*Task description:* The answer must be an exact copy of the lines from the one with "Tibetan Agate Beads" through the final line below, with no pictures and nothing else.

*The data:*
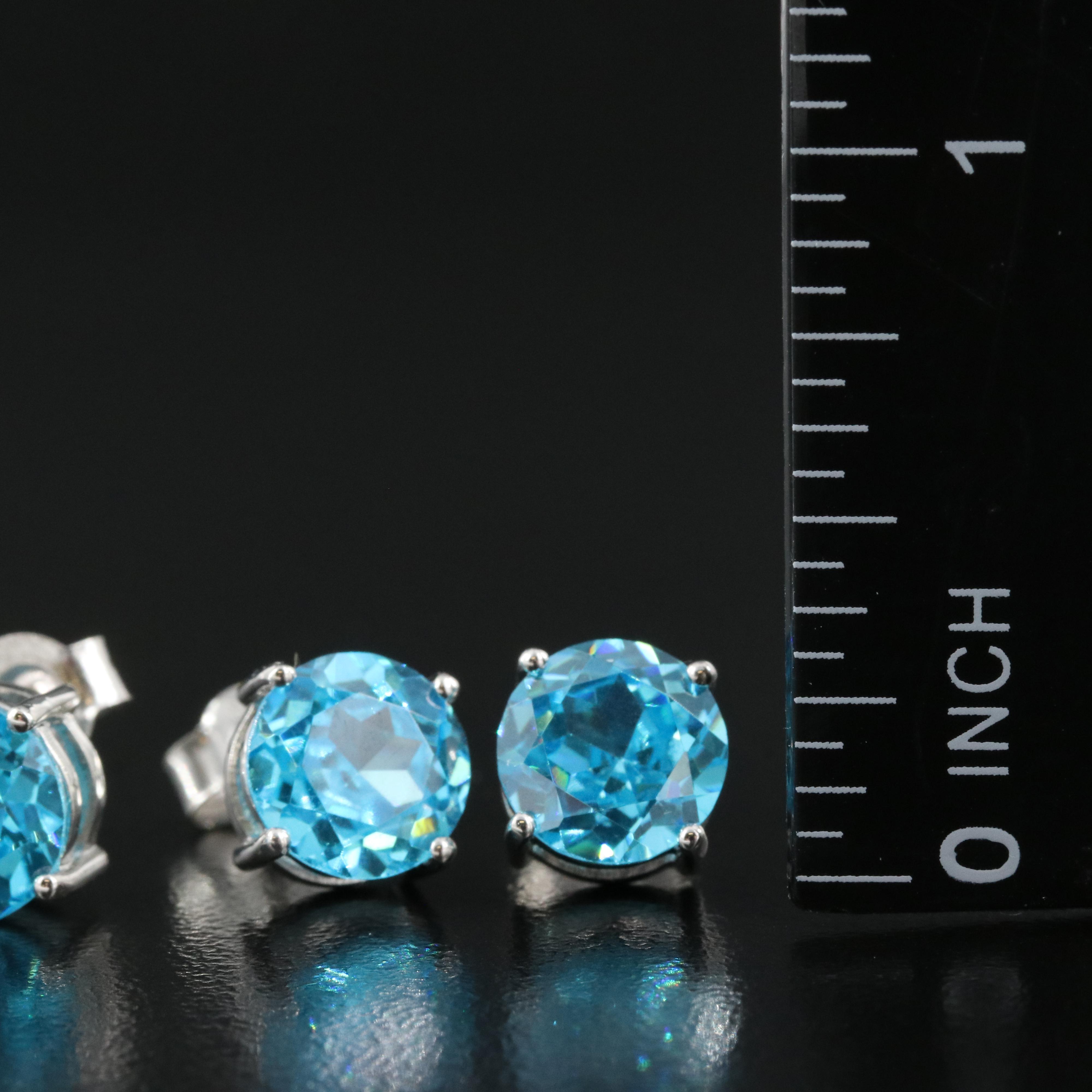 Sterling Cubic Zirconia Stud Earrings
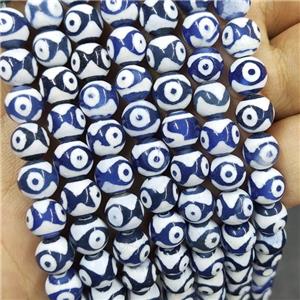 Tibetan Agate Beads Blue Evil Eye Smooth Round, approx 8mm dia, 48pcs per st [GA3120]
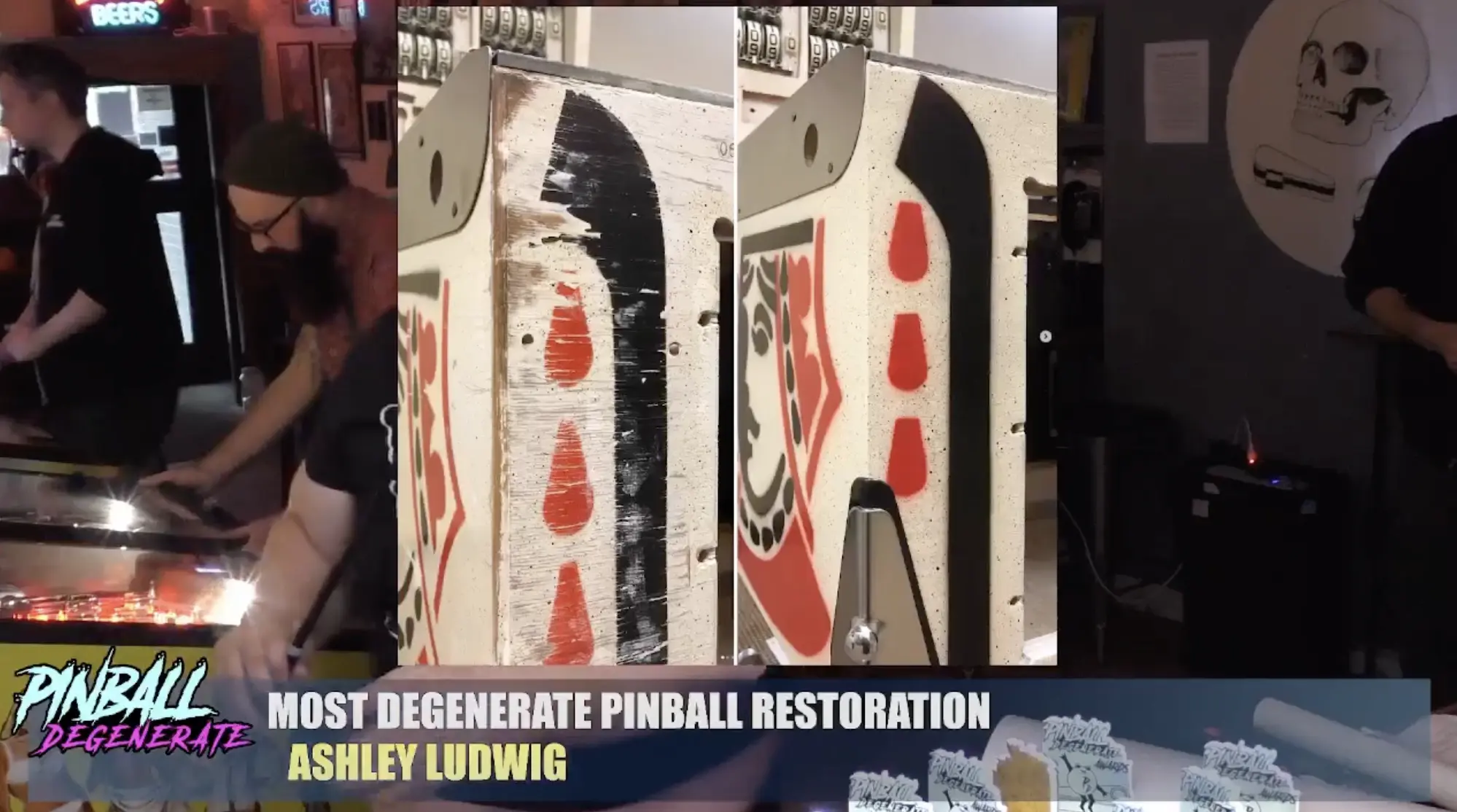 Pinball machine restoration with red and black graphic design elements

*Solved exercise:*
 Tibetan Agate Beads Blue Evil Eye Smooth Round, approx 8mm dia, 48pcs per st [GA3120]
 Pinball machine restoration with red and black graphic design elements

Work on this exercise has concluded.